Translatome analysis reveals altered serine and glycine metabolism in T-cell acute lymphoblastic leukemia cells

Kim R. Kampen, Laura Fancello, Tiziana Girardi, Gianmarco Rinaldi, Mélanie Planque, Sergey O. Sulima, Fabricio Loayza-Puch, Benno Verbelen, Stijn Vereecke, Jelle Verbeeck, Joyce Op de Beeck, Jonathan Royaert, Pieter Vermeersch, David Cassiman, Jan Cools, Reuven Agami, Mark Fiers, Sarah-Maria Fendt and Kim De Keersmaecker ()
Additional contact information
Kim R. Kampen: KU Leuven and Leuven Cancer Institute (LKI)
Laura Fancello: KU Leuven and Leuven Cancer Institute (LKI)
Tiziana Girardi: KU Leuven and Leuven Cancer Institute (LKI)
Gianmarco Rinaldi: VIB-KU Leuven Center for Cancer Biology
Mélanie Planque: VIB-KU Leuven Center for Cancer Biology
Sergey O. Sulima: KU Leuven and Leuven Cancer Institute (LKI)

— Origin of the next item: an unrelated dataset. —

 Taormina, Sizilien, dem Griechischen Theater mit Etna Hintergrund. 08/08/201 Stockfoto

Fabricio Loayza-Puch: German Cancer Research Center (DKFZ)
Benno Verbelen: KU Leuven and Leuven Cancer Institute (LKI)
Stijn Vereecke: KU Leuven and Leuven Cancer Institute (LKI)
Jelle Verbeeck: KU Leuven and Leuven Cancer Institute (LKI)

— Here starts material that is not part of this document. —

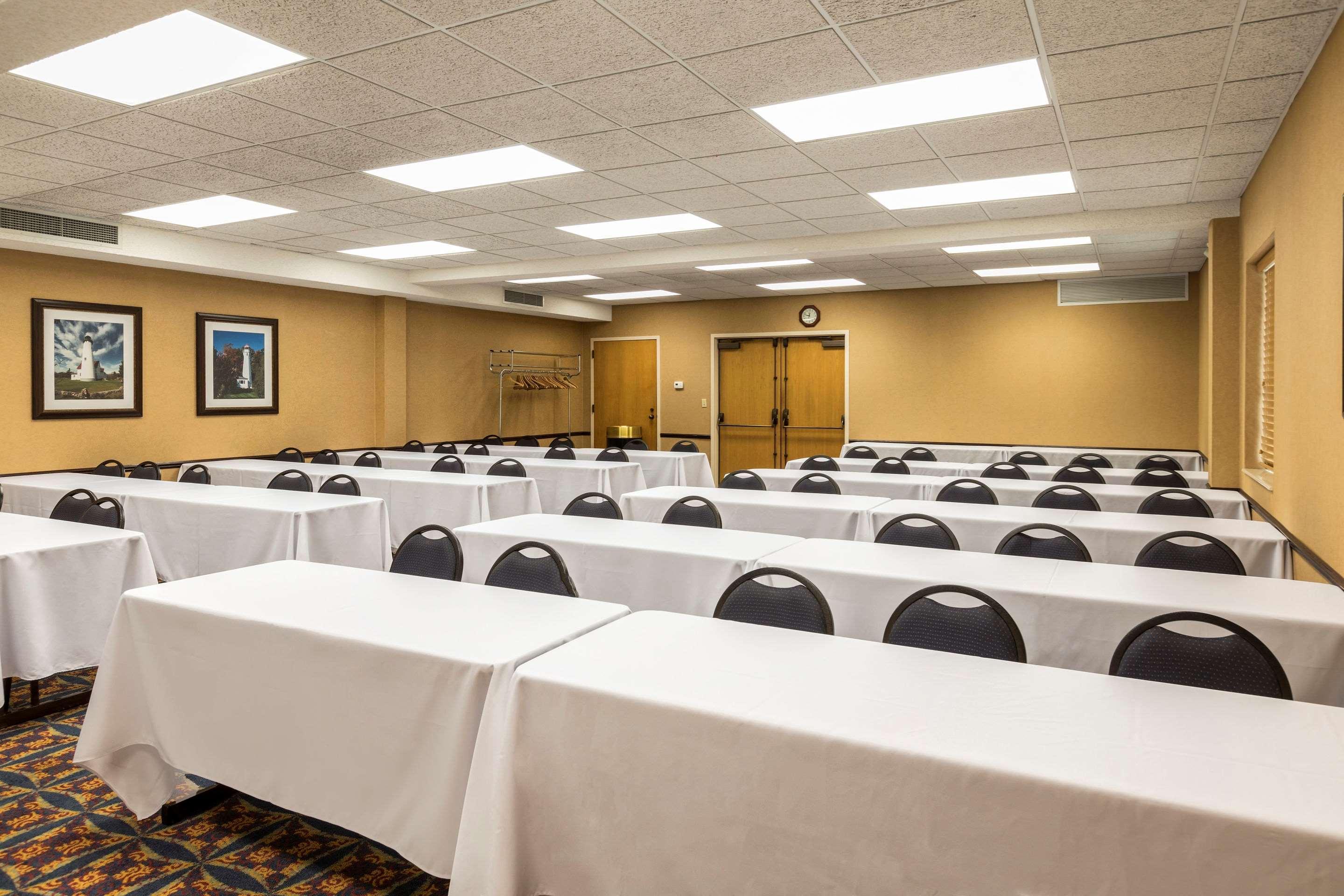 Quality Inn Auburn Hills - Detroit North Exterior foto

Joyce Op de Beeck: KU Leuven and Leuven Cancer Institute (LKI)
Jonathan Royaert: KU Leuven and Leuven Cancer Institute (LKI)

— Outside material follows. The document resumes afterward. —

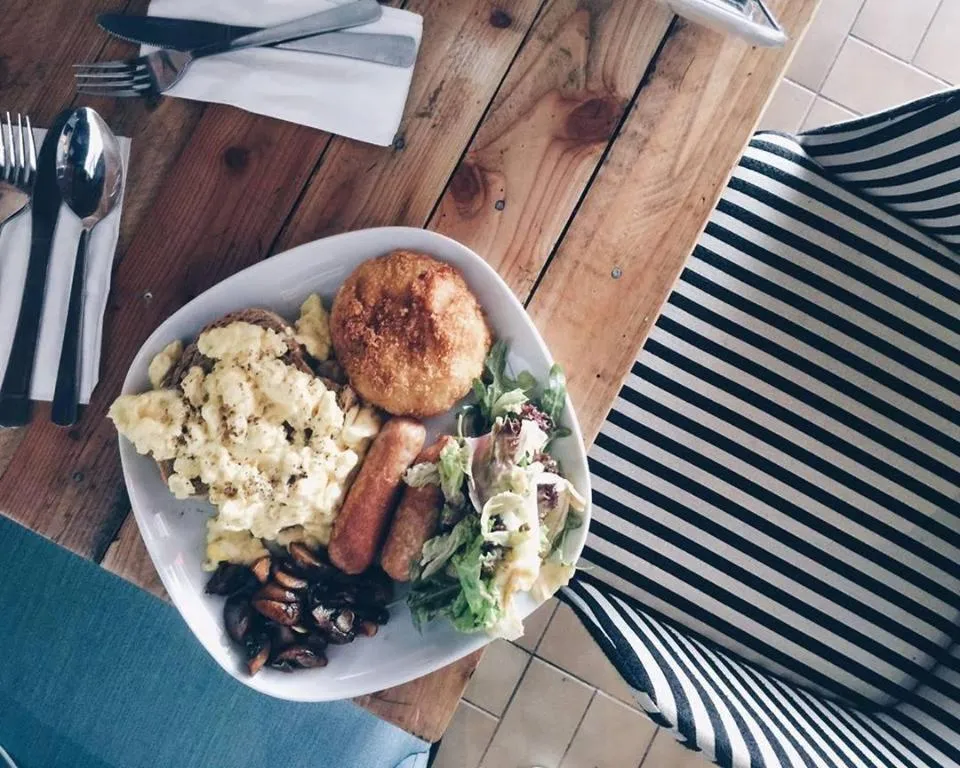 Restaurant/places to eat in Century Bay Private Residences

Pieter Vermeersch: University Hospitals Leuven
David Cassiman: University Hospitals Leuven
Jan Cools: VIB-KU Leuven Center for Cancer Biology
Reuven Agami: Erasmus Medical Center
Mark Fiers: VIB-KU Leuven Center for Brain & Disease Research
Sarah-Maria Fendt: VIB-KU Leuven Center for Cancer Biology
Kim De Keersmaecker: KU Leuven and Leuven Cancer Institute (LKI)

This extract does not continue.